Kirchliches Netzwerk für integrale Ökologie in Europa gefordert

Für ein Netzwerk kirchlicher Akteure in Europa als Anwalt einer integralen Ökologie hat sich der Leiter des Lateinamerika-Hilfswerks Adveniat, Michael Heinz, ausgesprochen. Derartige Netzwerke von Bistümern, Orden, Hilfswerken und anderen Organisationen über Ländergrenzen hinweg seien etwas, das Europas Kirche von der derzeit im Vatikan tagenden Amazonas-Synode lernen könne, so der Ordensmann am Montag in Rom.
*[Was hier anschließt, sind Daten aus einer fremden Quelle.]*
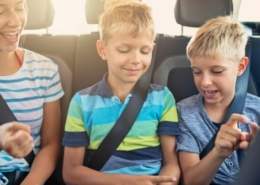 A group of kids laughing and playing rock, paper, scissors in a car during a road trip
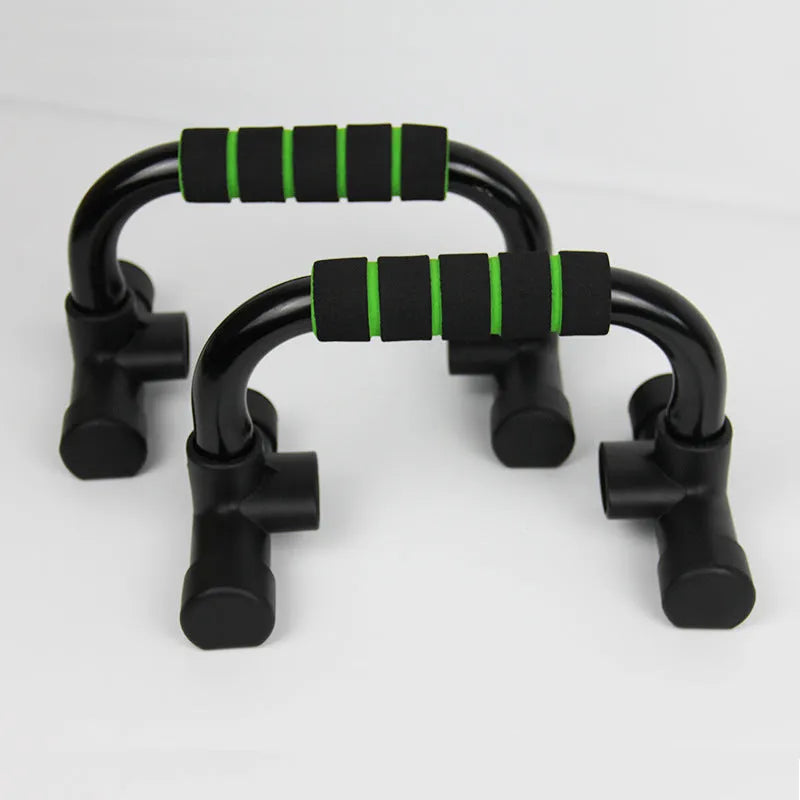 Green suction cup push up stand with electroplated steel frame and foam handles on a smooth floor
(Foto: Achim Pohl/Adveniat)

Der Luxemburger Kardinal Jean-Claude Hollerich ergänzte, eine integrale Ökologie, die Natur nicht verkläre, sondern den von der Natur abhängigen Menschen in den Mittelpunkt stelle, könne auch nationalistischen Fliehkräften entgegenwirken. Als Vorsitzender der EU-Bischofskommission COMECE nimmt er derzeit an der Amazonas-Synode im Vatikan teil.

Die vorhandenen kirchlichen Strukturen in Europa seien zu hierarchisch strukturiert, um genügend wirksam zu sein, so Hollerich. Außerdem müsse ein solches Netzwerk zumindest ökumenisch sein, aber auch über die Kirchen hinausgehen. Als ein Beispiel erwähnte der Kardinal seine eigene Teilnahme bei einer „Fridays for Future“-Demonstration in Luxemburg, über die sozialistische Gewerkschaftler sehr erfreut gewesen seien.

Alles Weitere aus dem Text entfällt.